Embedded Nimrod: Straightforward HTC in HPC environments.

HTC (High Throughput Computing) is a class of research computing workload that typically consists of of large quantities of small (CPU/memory) footprint, short-lived, independent jobs. The goal is to churn through them as quickly as possible. Many HTC workloads involve parameter sweeps whereby the same processing task is performed for a range of values of one, or more, input parameters. One example of this is gathering a statistical sample by running the same stochastic task and collecting multiple outcomes.

HTC is generally regarded as different from HPC (High Performance Computing), due to its smaller footprint, independence of tasks, and shorter walltimes. However, it is not necessarily a clear distinction, because in some situations such as rapid design prototyping, a larger footprint HPC jobs could be employed repeatedly with short walltimes to rapidly optimize a design.

Many of the common HPC workload managers, such as PBSPro, Torque, and SLURM, do not efficiently handle such jobs. For jobs with walltimes in the order of minutes and seconds, scheduling and setup overhead can often outpace the duration of the job itself. Job arrays are available to provide a more efficient way for handling very large numbers of independent tasks; however, there is still an overhead associated with the commencement and completion of each batch system job, or job array element. They are also fairly limited in their support for parameter sweeps.

The independent nature of each job lends itself to the jobs becoming scattered across the HPC system. Traditional HPC workloads required much larger chunks of computing resources and small footprint, short walltime jobs can hold up the larger footprint workloads. From a resource management standpoint, it is more desirable to consolidate fragmented workloads such as job swarms into a subset of the HPC resources and to better manage the high turnover of tasks with a mechanism that has much more fine-grained control over the workload.

Embedded Nimrod is a software tool created to address this problem.
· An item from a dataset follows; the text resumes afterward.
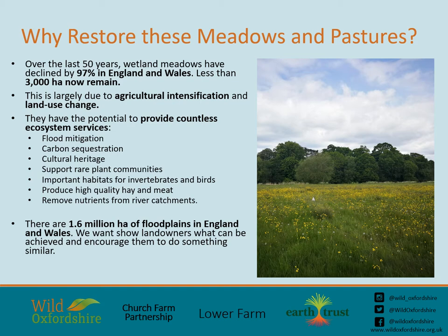So why should we restore these meadows and pastures? Wetland meadows have declined by 97% in England and Wales in the last 50 years, and now less than 3,000 hectares remain. This is largely due to drainage, the creation of flood defences, as well as areas being converted to arable land or even being built upon. But these habitats are extremely important and provide countless ecosystem services like flood mitigation and carbon sequestration. They have a huge cultural heritage — wetland grasslands go back to the Neolithic times, when woodland clearance likely resulted in a rise in floodplain water levels.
Instead of having to schedule the numerous HTC jobs through the existing batch system, only one is scheduled; Embedded Nimrod handles the scheduling and execution from within this pool of resources.

Similar to its predecessor Nimrod/G[1], Embedded Nimrod is capable of elegantly handling parameter sweeps. Yet it requires minimal changes to existing job submission scripts.

Embedded Nimrod has been used on the University of Queensland Research Computing Centre’s HPC clusters (including Tinaroo, Awoonga, and FlashLite) and on Barcelona Supercomputing Center’s NordIII. It has been used by several projects such as the Threatened Species Index, the first attempt to create an index for threatened species in Australia[2], and for inland drayage research at UQ, i.e. optimising the transportation of cargo containers inland from the Port of Brisbane[3].